It all started with a devastating earthquake in Chile in 2010 that killed more than 500 people.
NICOLÁS SHEA: We lost two family members. And when we got the email, that email, immediately my wife and I-- just said we're going back home.
PETER EISNER: At the time of the earthquake, Nicolás Shea was a graduate student at Stanford University. Shea wanted to help his country rebuild. But how could this budding entrepreneur help the recovery effort? Inspiration came to him when he saw how foreign students attending Stanford were forced to leave the United States after graduation because of difficulties getting a visa.
NICOLÁS SHEA: Literally there were hundreds and thousands of, you know, to-be entrepreneurs that were not being and are not being welcomed in the U.S.
And I remember, you know, thinking, how much, if I were president or I had-- I was in a position of power, how much would I pay each one of these individuals to come and spend some time in Chile?
PETER EISNER: Shay was thinking about people like James McBennett, of Dublin, Ireland. McBennett’s company, Fabsie, uses computers to control woodworking tools like this.

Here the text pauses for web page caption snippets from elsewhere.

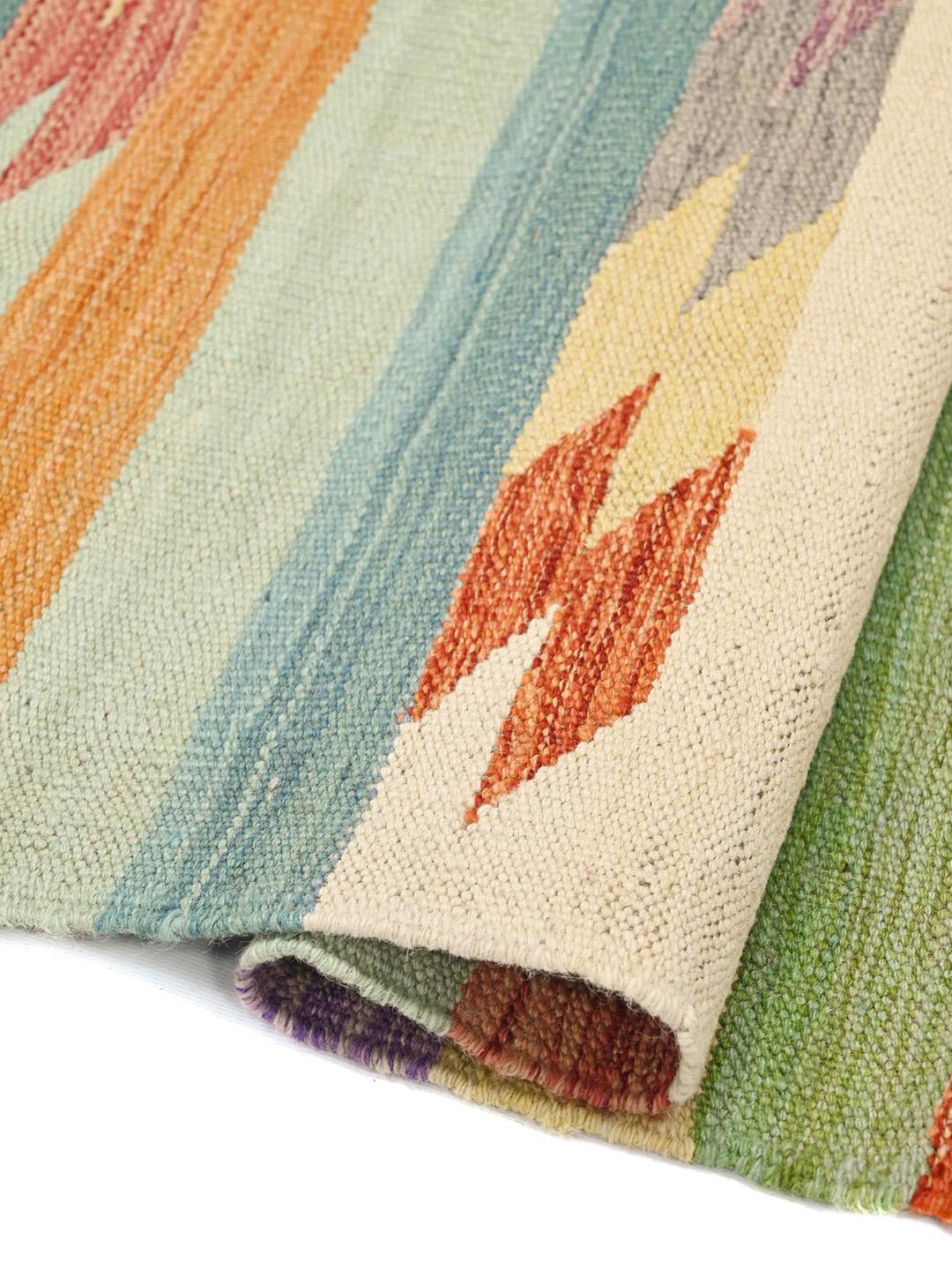 Tappeto kilim afghano multicolore con motivi geometrici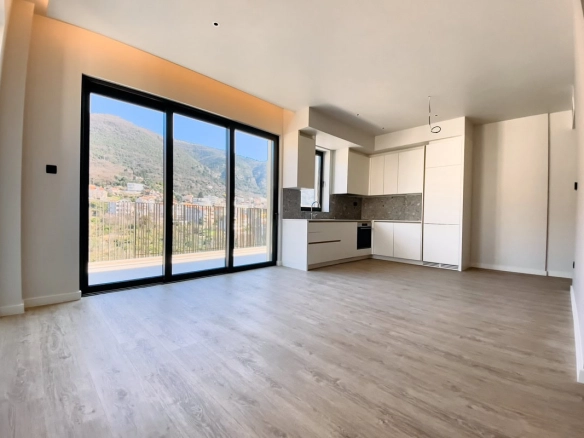 Dvosoban stan 102 m² – Tivat — fotografija 15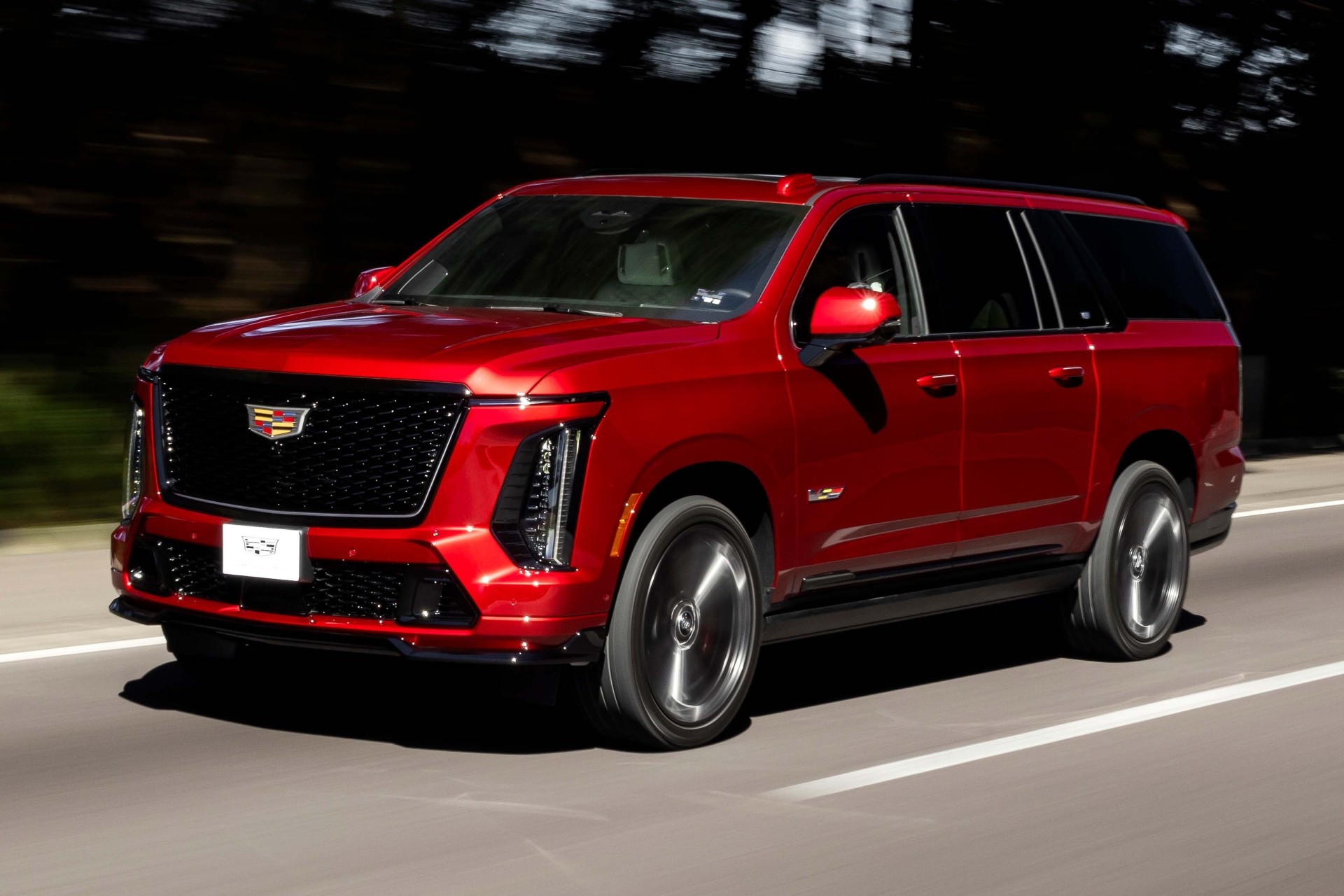 GM ignora elétricos e volta à Europa após 9 anos com picape e SUVs gigantes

The machine cuts a piece of furniture to exact specifications so it can fit in, say, a small New York City apartment.
JAMES MCBENNETT: What I want it to be is about downloadable files to make furniture. And it's, in a way, a combination between iTunes and Ikea.
PETER EISNER: The first that comes to mind, for a customizable furniture start-up, there’s a natural market in the United States. Why not do this in the United States?

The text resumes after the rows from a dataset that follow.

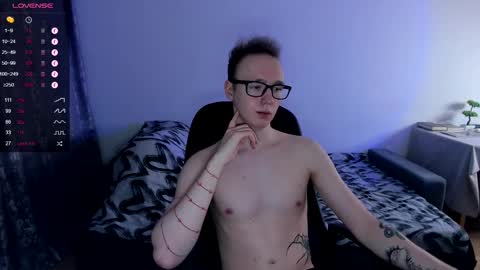 Snapshot of alex_silent chatting on 11, 2, 2025 alex_silent online show from 11, 2, 2025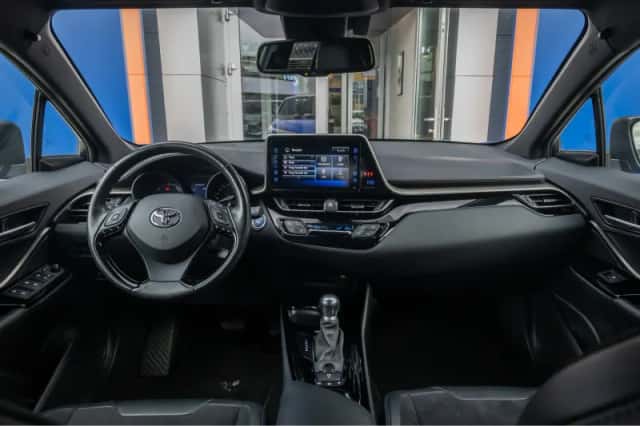 Toyota C-HR (2019) thumbnail 2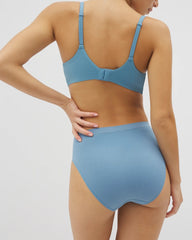 BLUE HEAVEN - Seamless Rib High-Leg Panty | Soma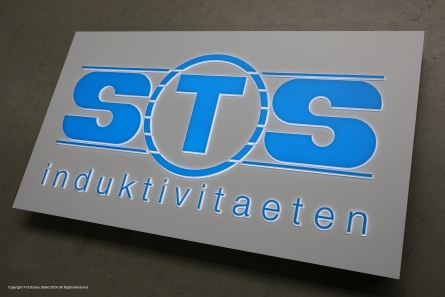 STS - Flache Leuchtreklame mit sehr kleinen Leuchtbuchstaben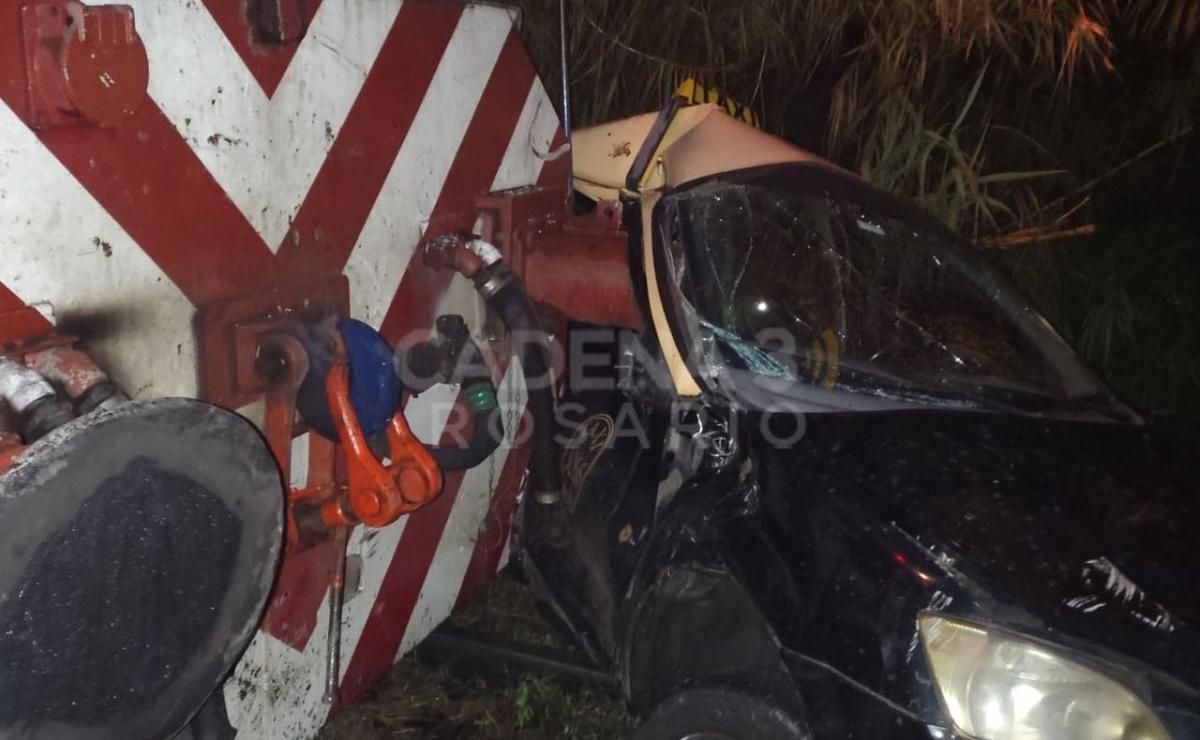 El taxi fue embestido por un tren y el conductor no corre peligro.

JAMES MCBENNETT: For me to go there personally, I can't do it for visa reasons.
PETER EISNER: McBennett would have liked to start his business in Brooklyn, New York, where he believes the best furniture designers are working.
JAMES MCBENNETT: If you want to get in ideas that are really early, you need to be able to move to the best place to do that and still remain at those low costs.

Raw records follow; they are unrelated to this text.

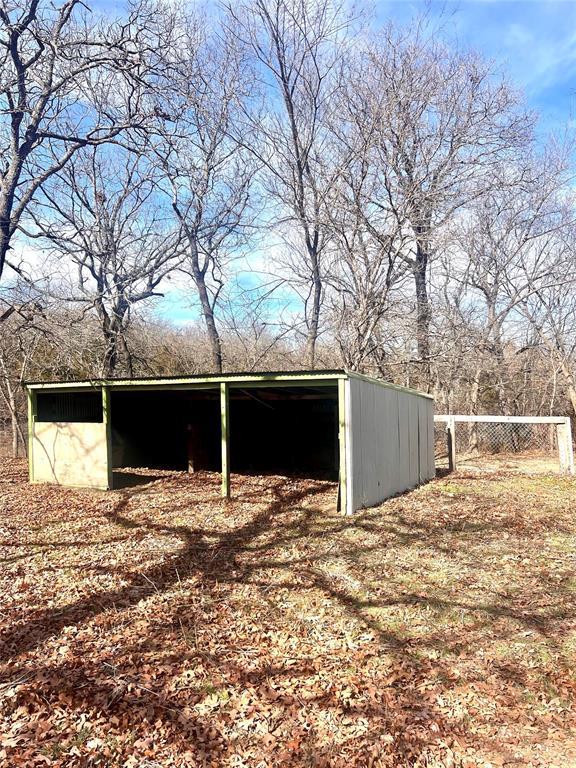 view of outdoor structure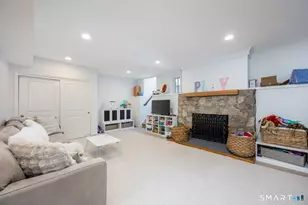 20 Outlook Dr, Darien, CT 06820 - Photo 25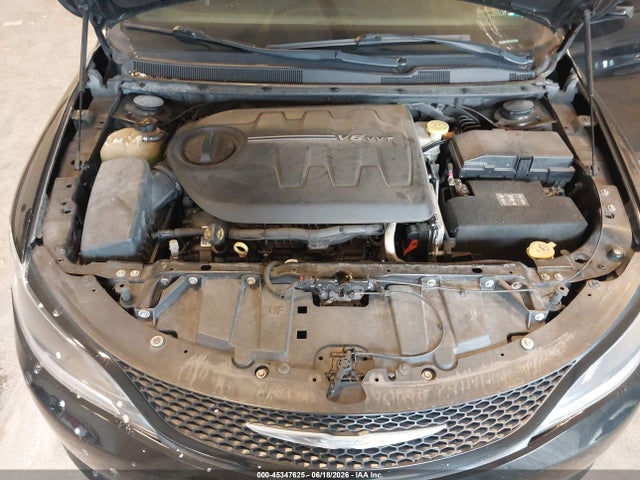 45347625 :رقم المزاد ، 1C3CCCDG2FN673983 vin ، 2015 Chrysler 200 S مزاد بيع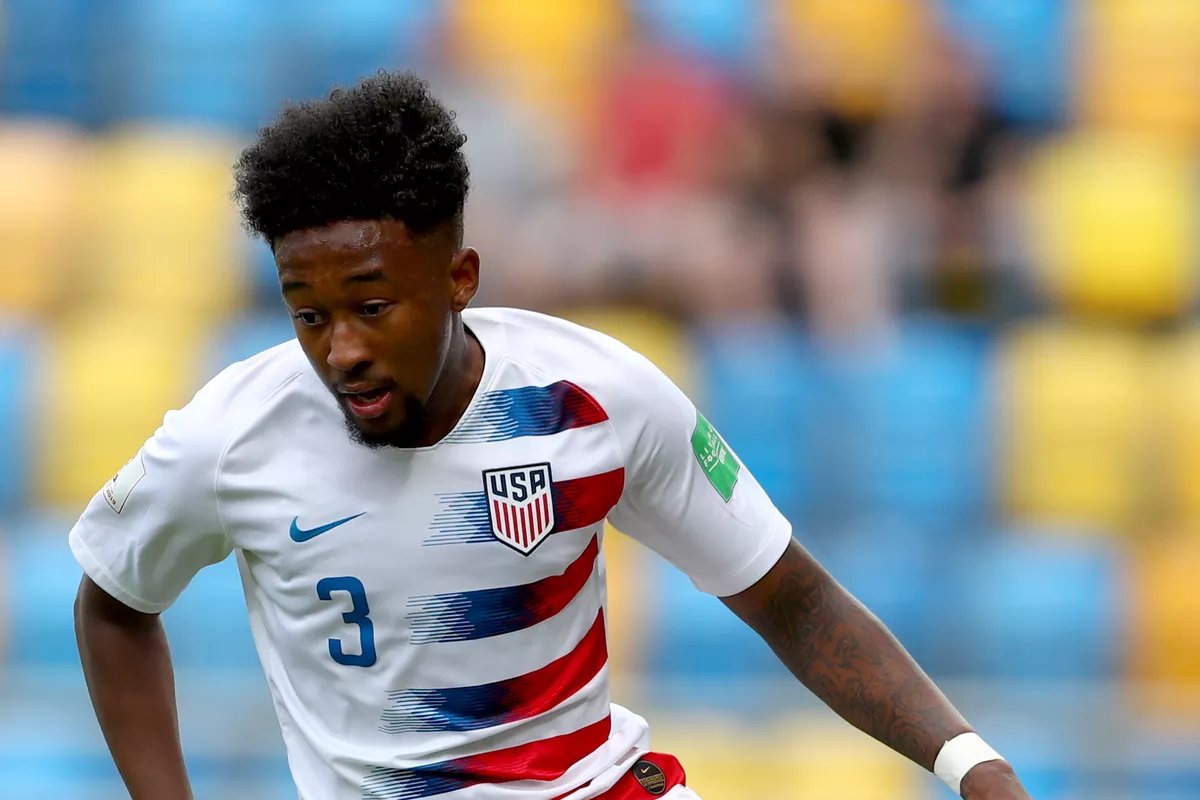 Chris Gloster, LB (2000) - before the U-20 WC he played with Sebastian Soto in Hannover 96, but the club was unable to stop him and Gloster moved to  PSV reserves (Jong PSV), where he is the starting lineup player.  #USYNT  #USMNT 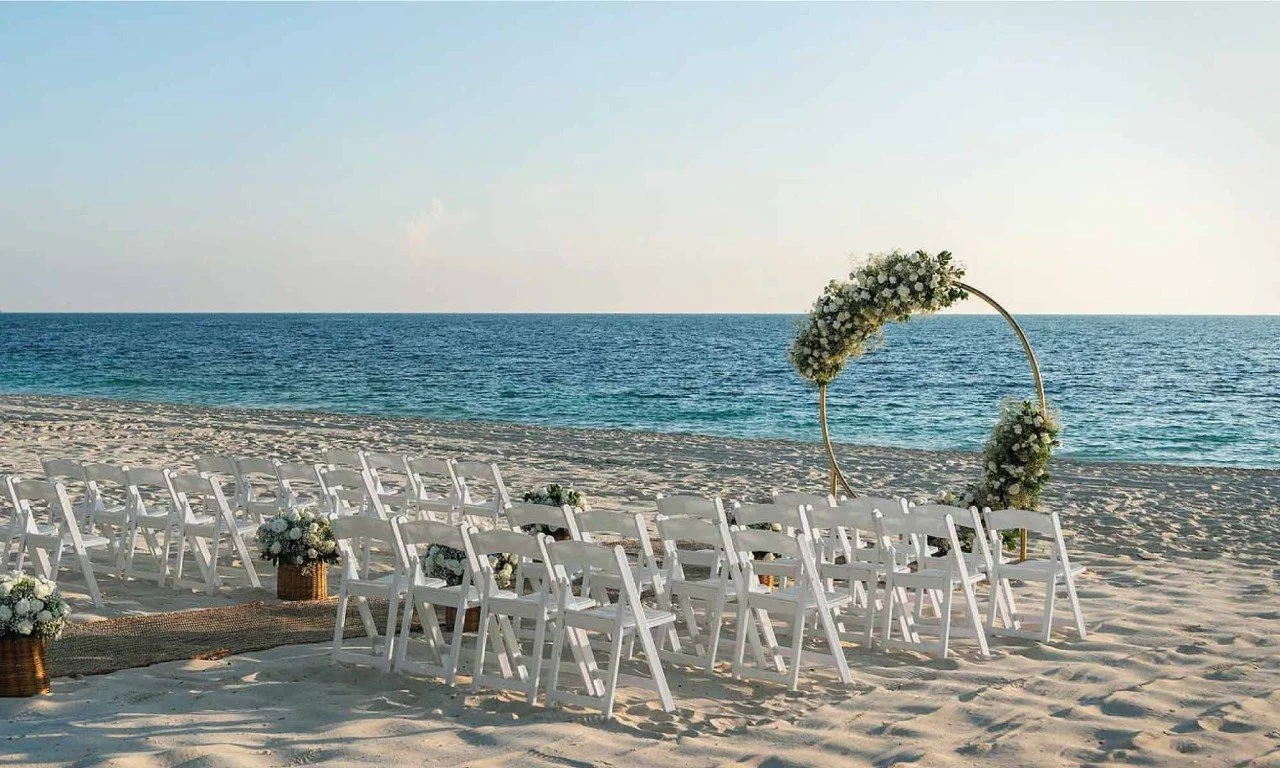 5 micro wedding decor ideas that work perfectly in a tropical setting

PETER EISNER: That’s where Nicolás Shea comes in. he realized that Chile could be that place. So, the first thing he did was to conduct his own personal focus groups at Stanford University.
NICOLÁS SHEA: I asked them… “So, what would-- would I have to do for you to come to Chile for awhile?"
PETER EISNER: This young Chilean entrepreneur came back to the country from grad school in the United States with an idea. What if we re-imagined our country? Why can’t Chileans play with the big boys of technology?
Shea went straight to the Chilean government with a radical plan to attract prospective entrepreneurs. He proposed the government give them 40 thousand dollars each to develop their ideas and the entrepreneurs wouldn’t have to pay it back. In return, participants would be required to give back to Chilean society though, by giving lectures at local universities and mentoring would-be Chilean entrepreneurs, as James McBennett is doing here.
JAMES MCBENNETT: What might fit San Francisco and New York just really might not suit Latin American culture.
PETER EISNER: Nicolás Shea called it Start-Up Chile. And from the beginning he had grand plans.
NICOLÁS SHEA: We asked for one million dollars to fund 25 start-ups. And if that worked, I would-- we would get $50 million more. And we would fund the project for the next-- four years-- with the goal of bringing in 1,000 startups to Chile.
PETER EISNER: To his surprise the government bought into his plan and since the program started in 2010 Chile has given grants to 663 start-ups, worth more than 28 million dollars.
HERNAN CHEYRE: The culture in Chile is that if somebody fails in the business, he's a loser, no. So we want to bring people from abroad to say, "Hey. Don't be worried. If you fail, you can-- can start up again."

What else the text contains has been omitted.